Exercise brief
Make an exact copy of the lines from the top of the entries below through the line with "The Subjection of Women by John Stuart Mill". Leave all pictures out.

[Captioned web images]
+===+

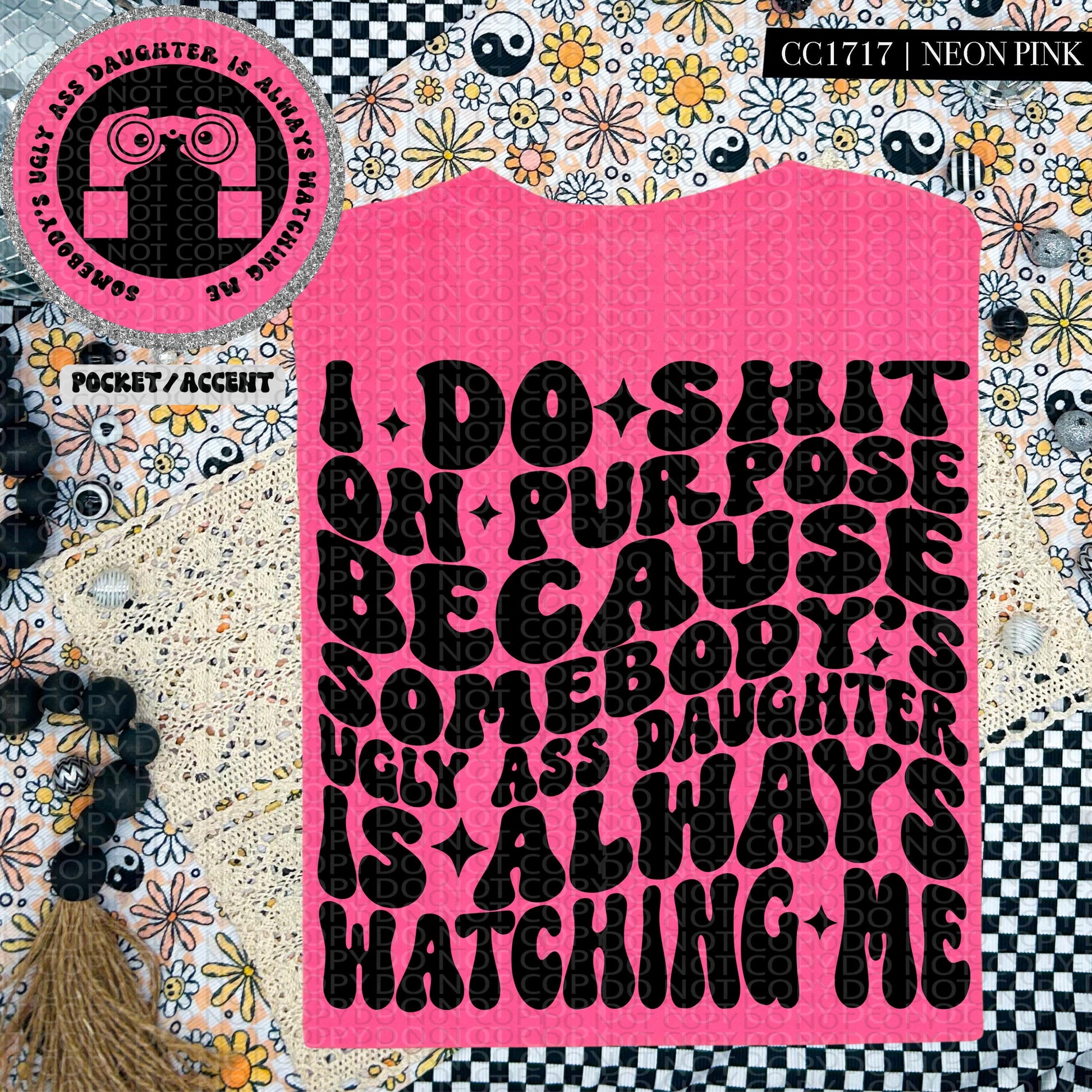I do shit on purpose because somebody's ugly ass daughter is always watching me | Wavy Design, Front Pocket, Snarky PNG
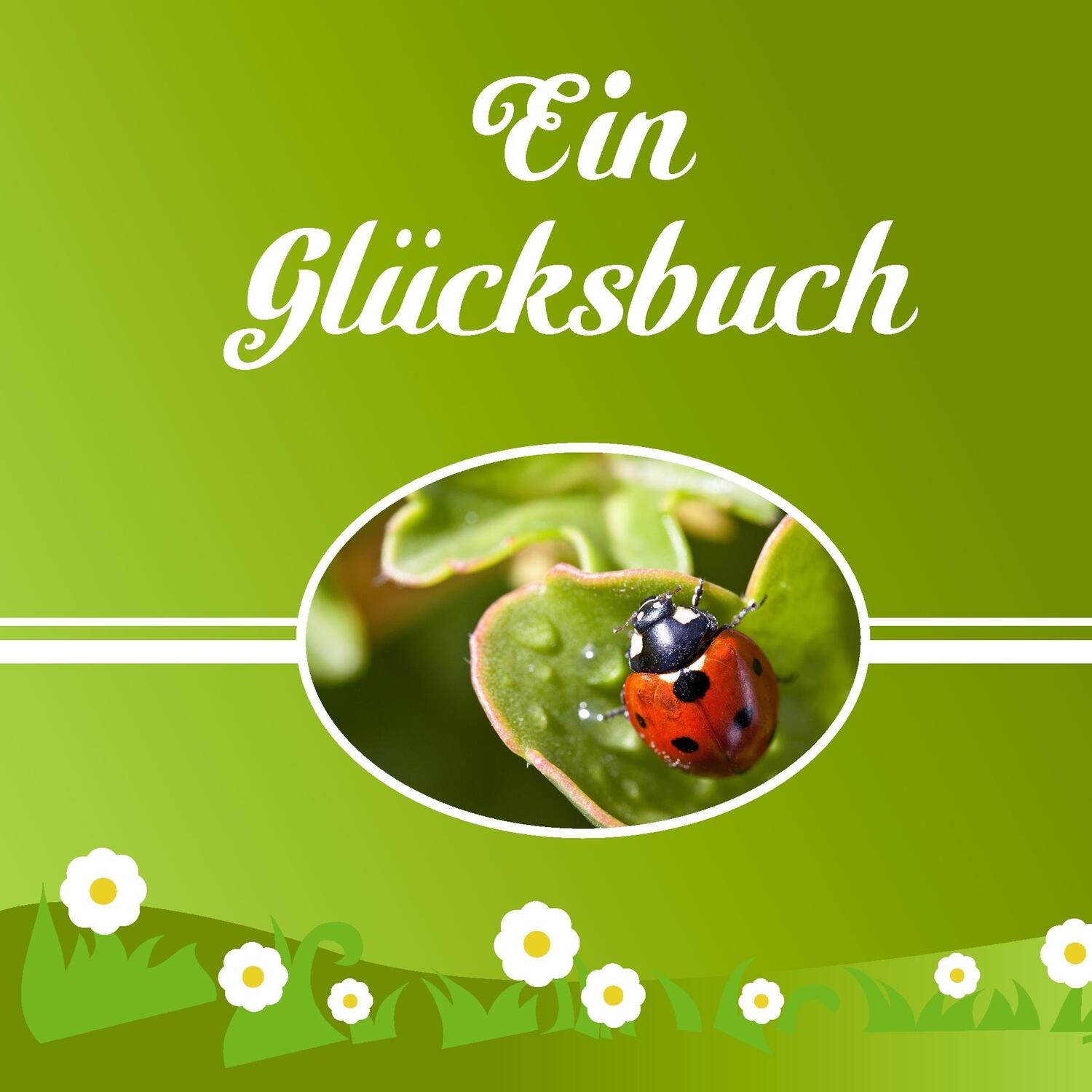 Cover: 9783734704055 | Ein Glücksbuch | Arvid Bauer (u. a.) | Taschenbuch | Ringbuch | 2015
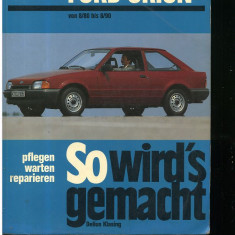 Hans-Rüdiger Etzold Ford Escort Ford Orion [Manual de srevice în germană]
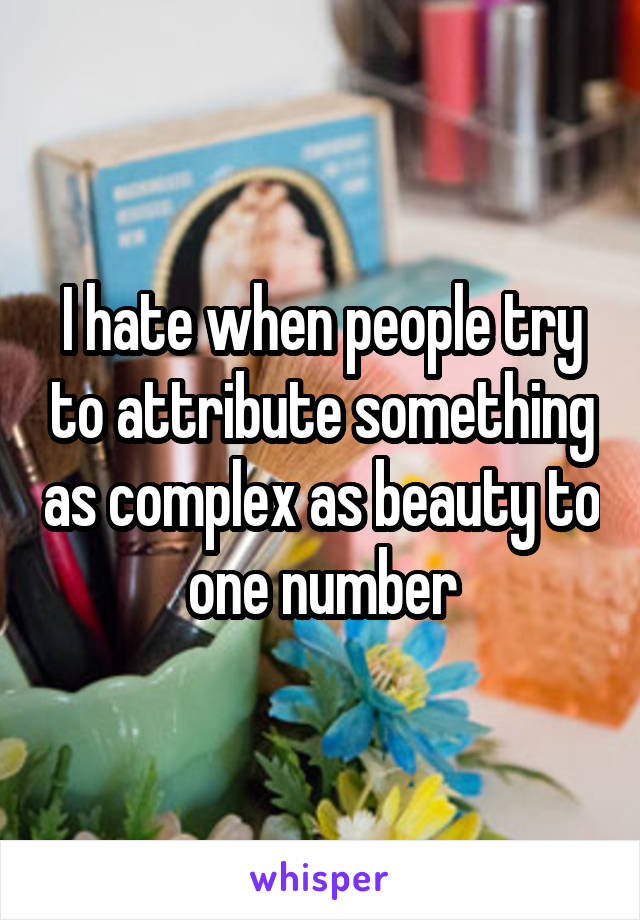 I hate when people try to attribute something as complex as beauty to one number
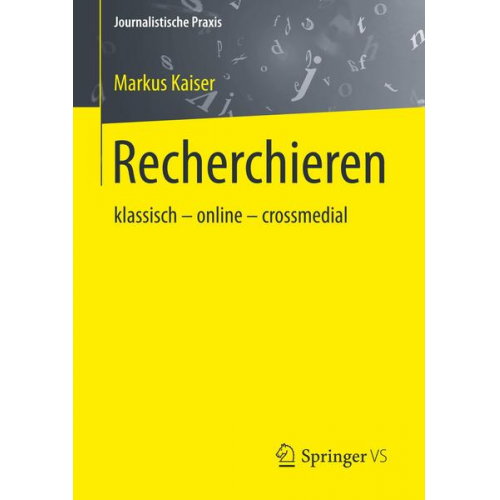 Markus Kaiser - Recherchieren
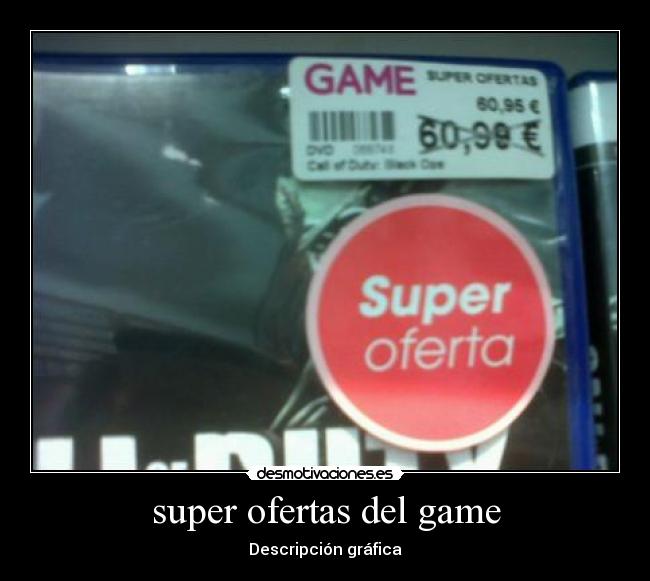 super ofertas del game - Descripción gráfica
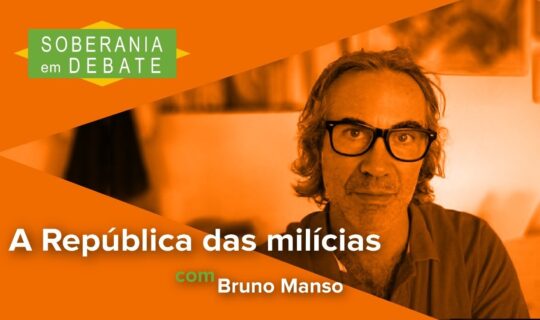 A República das Milícias – Soberania em Debate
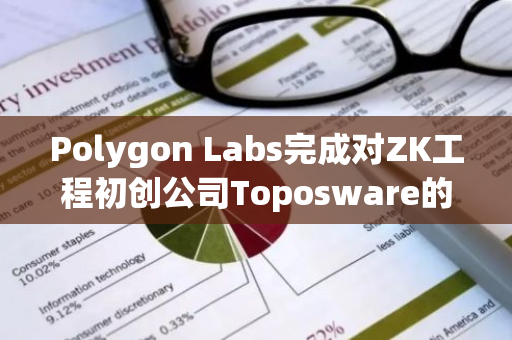 Polygon Labs完成对ZK工程初创公司Toposware的收购，进一步巩固其在区块链领域的领先地位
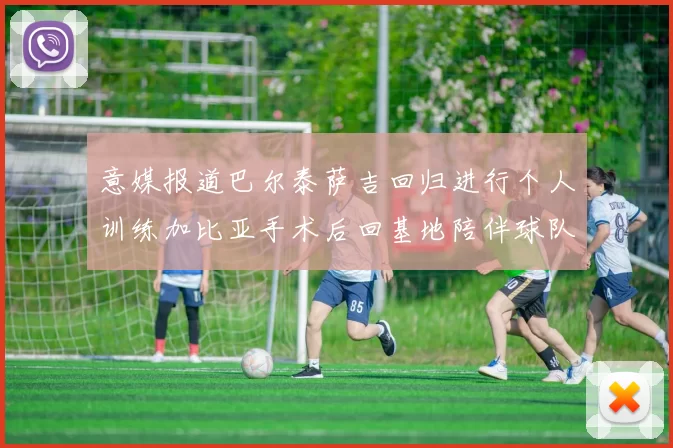 意媒报道巴尔泰萨吉回归进行个人训练加比亚手术后回基地陪伴球队恢复状态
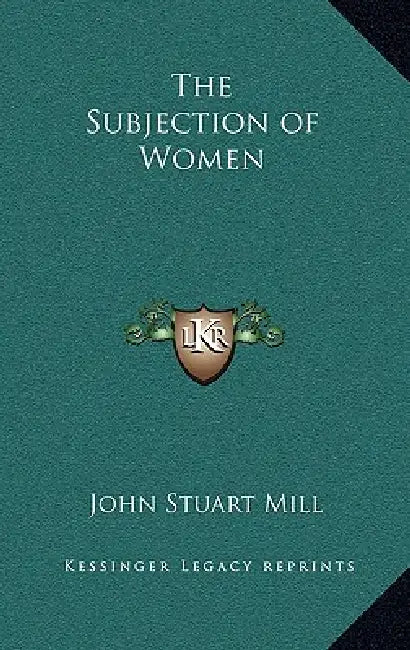The Subjection of Women by John Stuart Mill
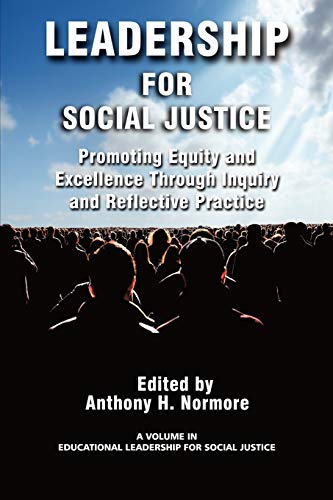 9781593119973: Leadership for Social Justice: Promoting Equity and Excellence Through Inquiry and Reflective Practice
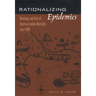Rationalizing Epidemics: Meanings and Uses of American Indian Mortality Since 1600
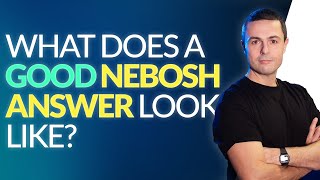 What Does A Good NEBOSH Exam Answer Look Like? WATCH THIS!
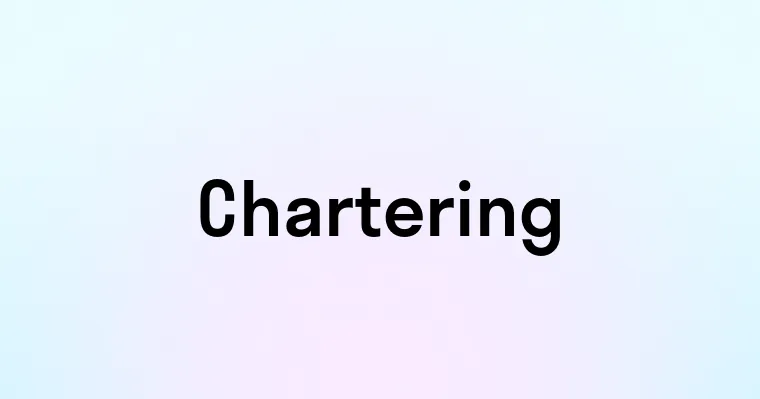 Chartering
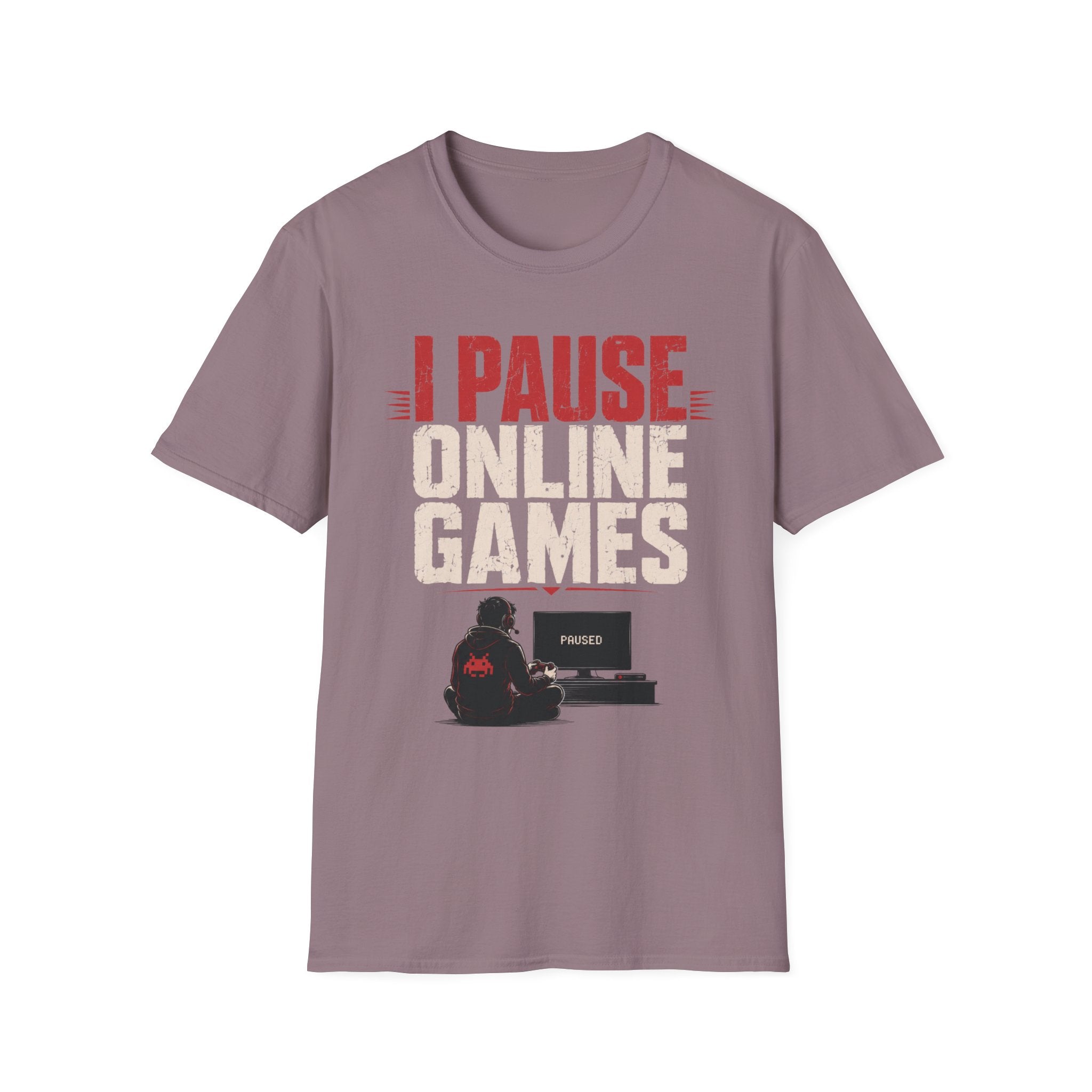 I Pause Online Games T-Shirt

+===+

Task result
I do shit on purpose because somebody's ugly ass daughter is always watching me | Wavy Design, Front Pocket, Snarky PNG
 Cover: 9783734704055 | Ein Glücksbuch | Arvid Bauer (u. a.) | Taschenbuch | Ringbuch | 2015
 Hans-Rüdiger Etzold Ford Escort Ford Orion [Manual de srevice în germană]
 I hate when people try to attribute something as complex as beauty to one number
 Markus Kaiser - Recherchieren
 super ofertas del game - Descripción gráfica
 A República das Milícias – Soberania em Debate
 Polygon Labs完成对ZK工程初创公司Toposware的收购，进一步巩固其在区块链领域的领先地位
 意媒报道巴尔泰萨吉回归进行个人训练加比亚手术后回基地陪伴球队恢复状态
The Subjection of Women by John Stuart Mill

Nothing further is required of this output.